Aim of the task:
Leaving out every picture, quote the data below exactly as it appears.
*** Data supplied Section Begins ***
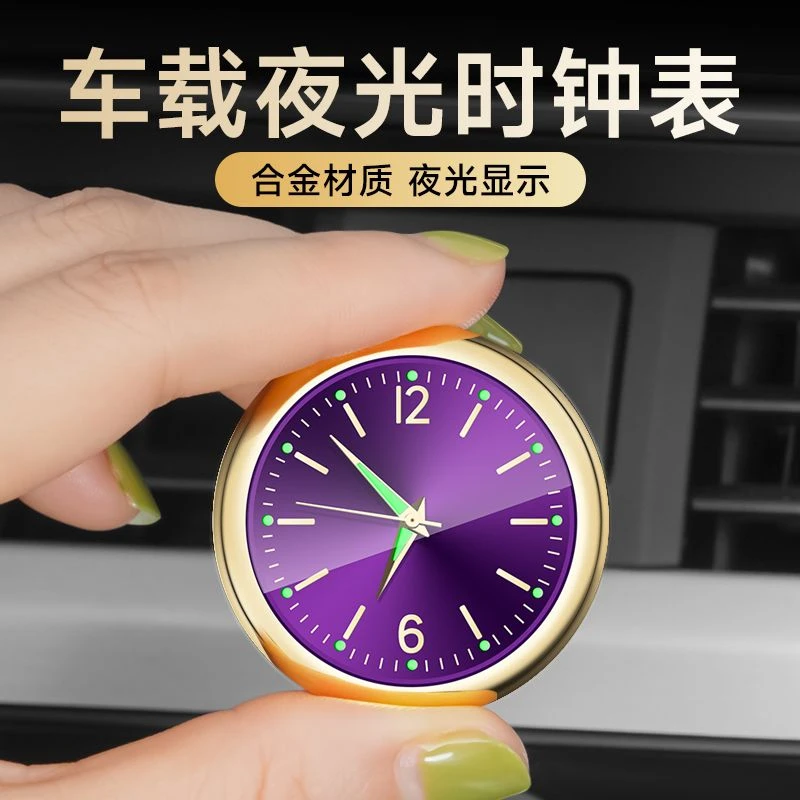 车载表盘夜光时钟汽车高精度电子表高档车用电子石英钟表双闪贴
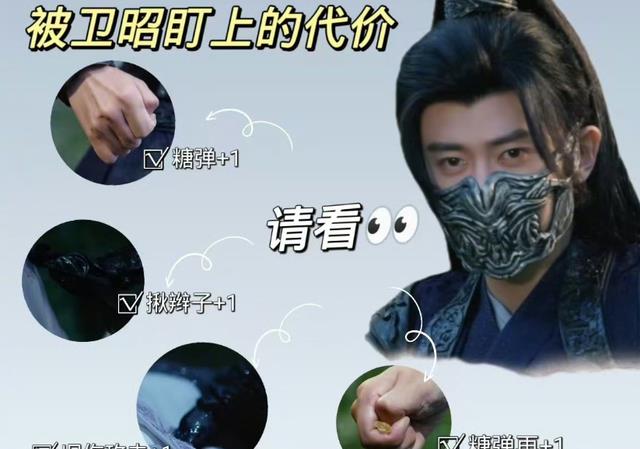 任嘉伦《流水迢迢》首波口碑出炉!观众的打分评价都“一针见血”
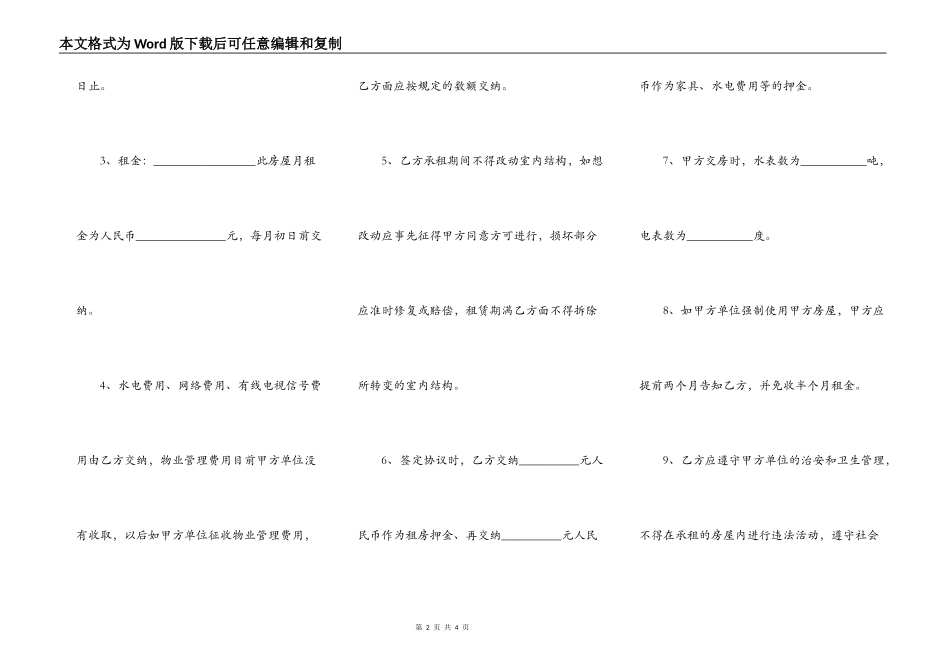 城市房屋出租合同书范文_第2页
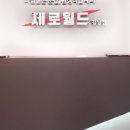 강남-299 이미지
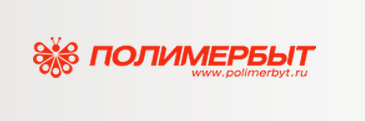 ОАО "Полимербыт"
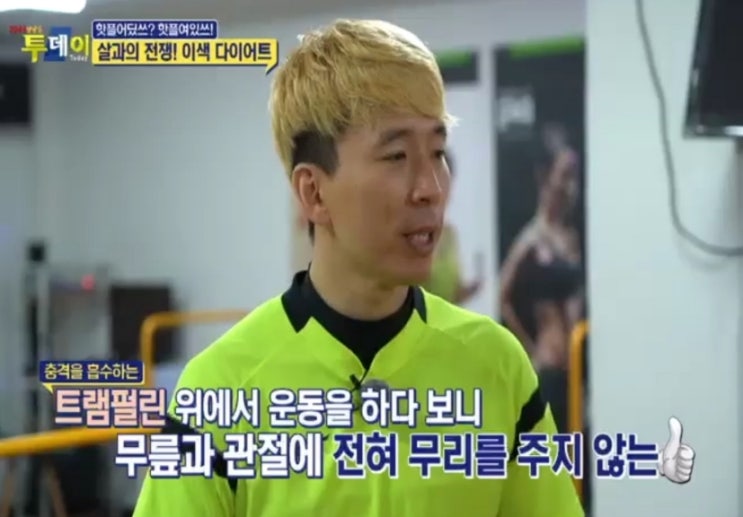  [혁신점핑/전주혁신점핑/점핑다이어트/만성동점핑/] 혁신점핑다이어트로 바디에 핏을 더하자!!!
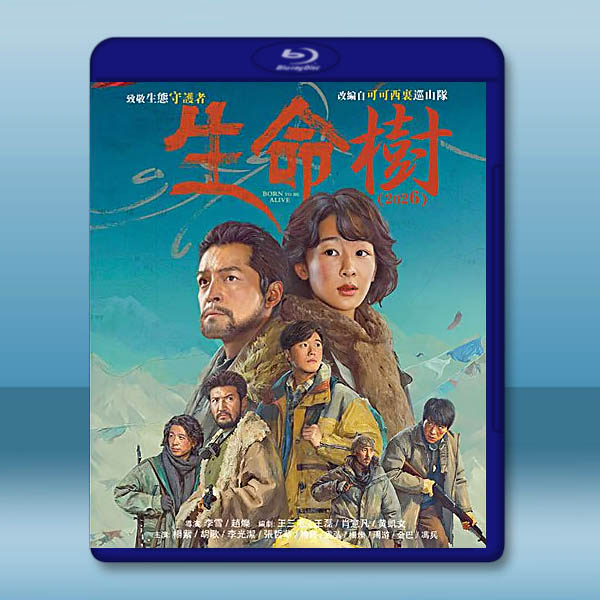 生命樹 (2026)藍光25G 4碟L:圖片 2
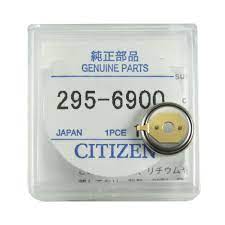 295.69 CITIZEN CAPACITOR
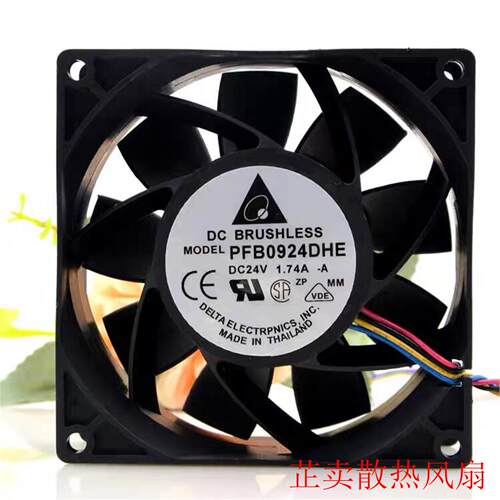 全新 PFB0924DHE 9CM 9038 24V 1.74A暴力大风量机箱散热风扇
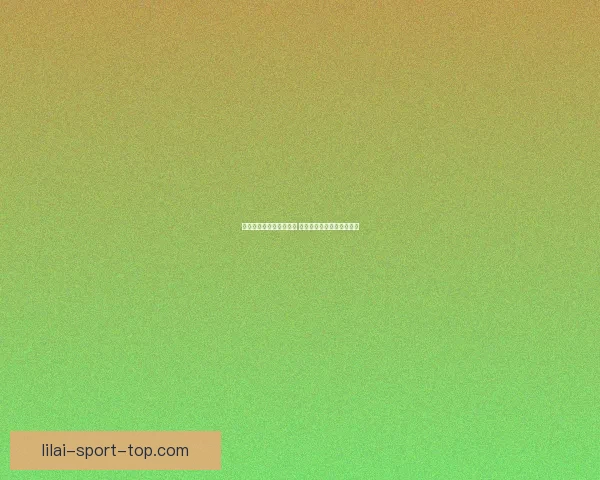 世界杯竞猜红包活动来袭 参与即有机会赢取丰厚大奖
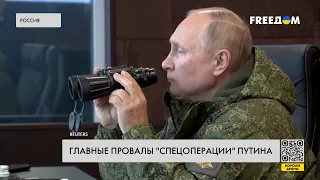 Путинская "СВО": ожидание и реальность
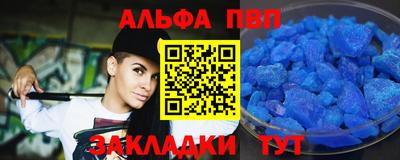 mix Краснодар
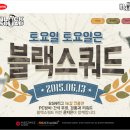 스쿼드 PC방 이미지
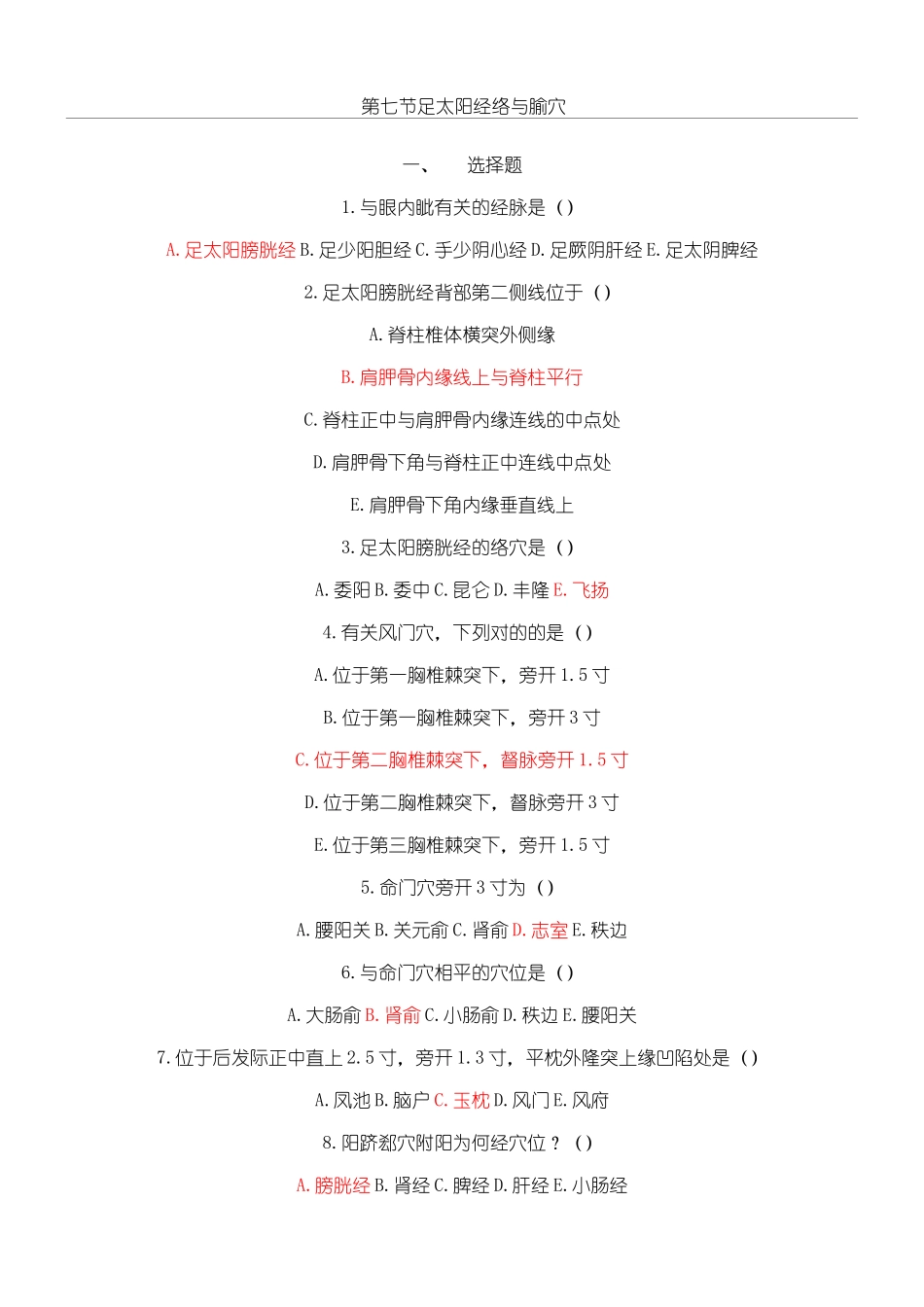 2024年经络与腧穴期末题库_第1页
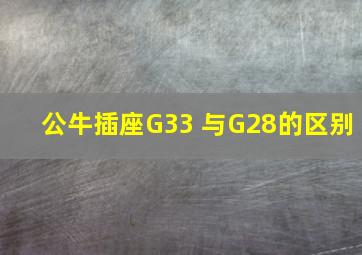 公牛插座G33 与G28的区别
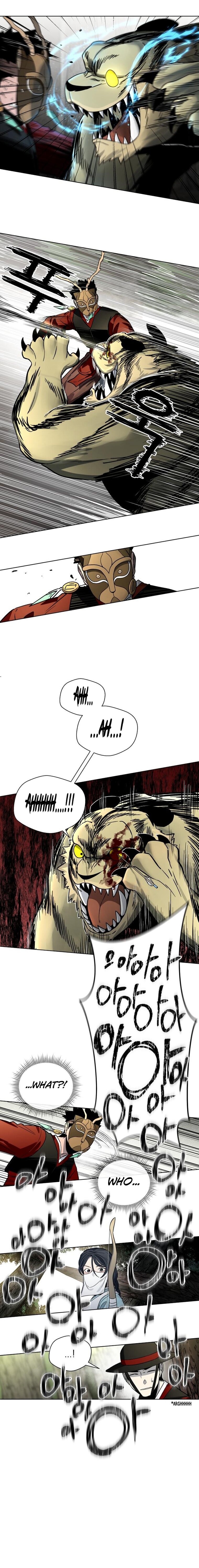 Human Mask — Chapter 11 — page 20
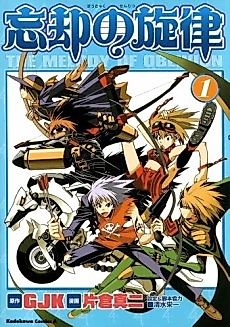 Cover image for The Melody of Oblivion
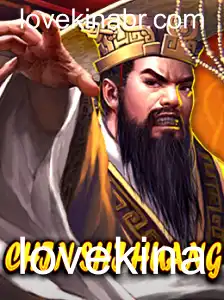 Descubra ChinShiHuang: O Jogo Que Conecta História e Estratégia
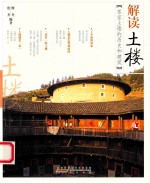 解读土楼 封面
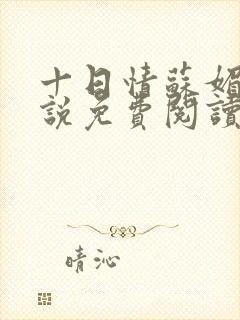 十日情苏媚的小说免费阅读全文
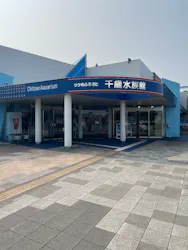 サケのふるさと 千歳水族館に投稿された画像（2026/9/6）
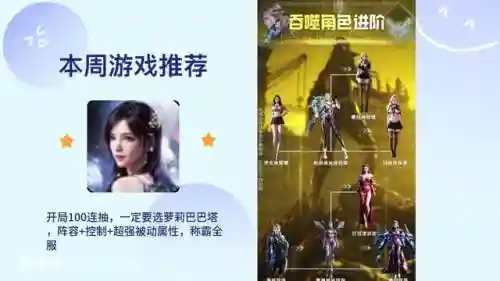 女仆妹子推荐阵容搭配图片(剑与远征 女仆 火女 阵容)插图4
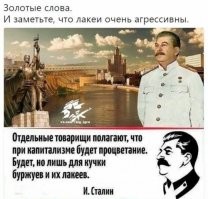 Россияне поддерживают строительство «Сталин-центра»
*** Data supplied Section Ends ***
Output of the task:
 车载表盘夜光时钟汽车高精度电子表高档车用电子石英钟表双闪贴
 任嘉伦《流水迢迢》首波口碑出炉!观众的打分评价都“一针见血”
 城市房屋出租合同书范文_第2页
 강남-299 이미지
 ОАО "Полимербыт"
  [혁신점핑/전주혁신점핑/점핑다이어트/만성동점핑/] 혁신점핑다이어트로 바디에 핏을 더하자!!!
 生命樹 (2026)藍光25G 4碟L:圖片 2
 295.69 CITIZEN CAPACITOR
 全新 PFB0924DHE 9CM 9038 24V 1.74A暴力大风量机箱散热风扇
 世界杯竞猜红包活动来袭 参与即有机会赢取丰厚大奖
 Путинская "СВО": ожидание и реальность
 mix Краснодар
 스쿼드 PC방 이미지
 2024年经络与腧穴期末题库_第1页
 公牛插座G33 与G28的区别
 Human Mask — Chapter 11 — page 20
 Cover image for The Melody of Oblivion
 Descubra ChinShiHuang: O Jogo Que Conecta História e Estratégia
 解读土楼 封面
 十日情苏媚的小说免费阅读全文
 サケのふるさと 千歳水族館に投稿された画像（2026/9/6）
 女仆妹子推荐阵容搭配图片(剑与远征 女仆 火女 阵容)插图4
 Россияне поддерживают строительство «Сталин-центра»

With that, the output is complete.